::: Input data

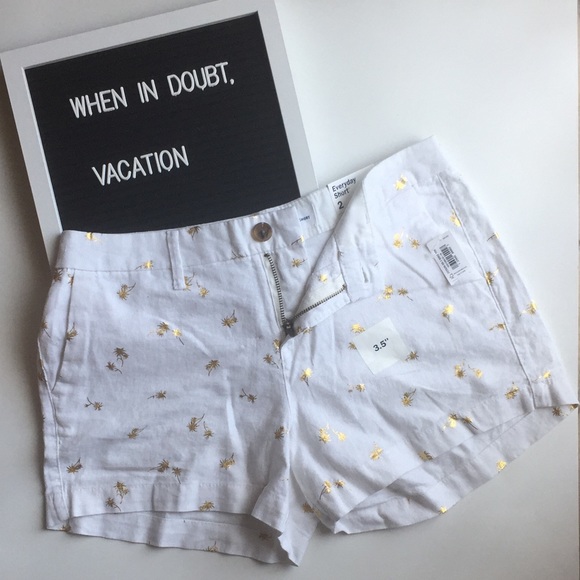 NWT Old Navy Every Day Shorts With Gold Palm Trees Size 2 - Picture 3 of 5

::::::
::: Input data

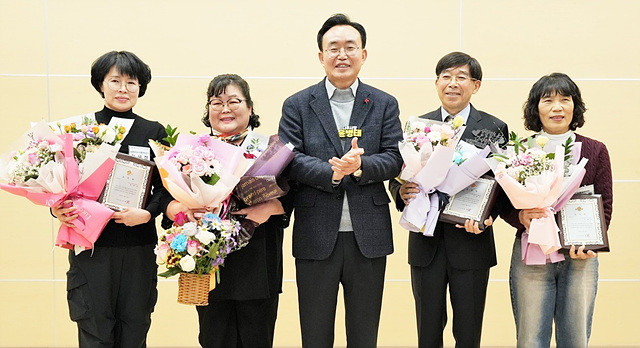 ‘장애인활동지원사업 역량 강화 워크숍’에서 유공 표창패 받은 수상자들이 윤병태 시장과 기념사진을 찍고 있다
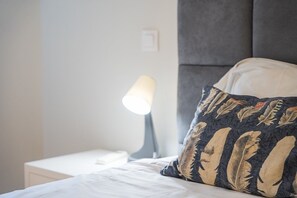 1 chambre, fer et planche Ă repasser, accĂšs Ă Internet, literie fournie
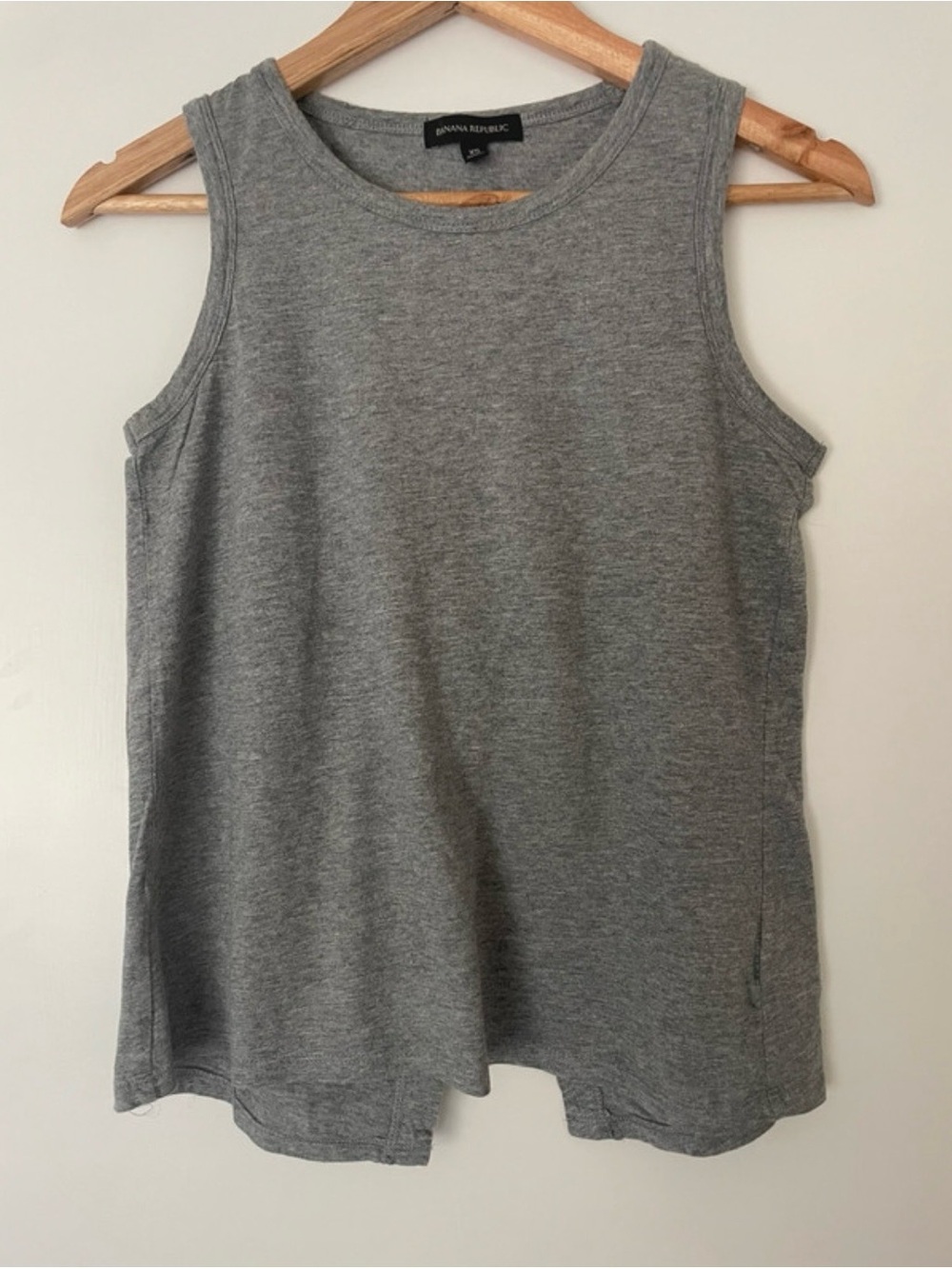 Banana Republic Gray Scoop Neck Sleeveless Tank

::::::

What is being asked: Would you please repeat only the lines above, beginning at the one that has "기념사진을 찍고 있다" and stopping after the one that has "Banana Republic Gray", exactly and with no pictures?

Result of this exercise:
 ‘장애인활동지원사업 역량 강화 워크숍’에서 유공 표창패 받은 수상자들이 윤병태 시장과 기념사진을 찍고 있다
 1 chambre, fer et planche Ă repasser, accĂšs Ă Internet, literie fournie
 Banana Republic Gray Scoop Neck Sleeveless Tank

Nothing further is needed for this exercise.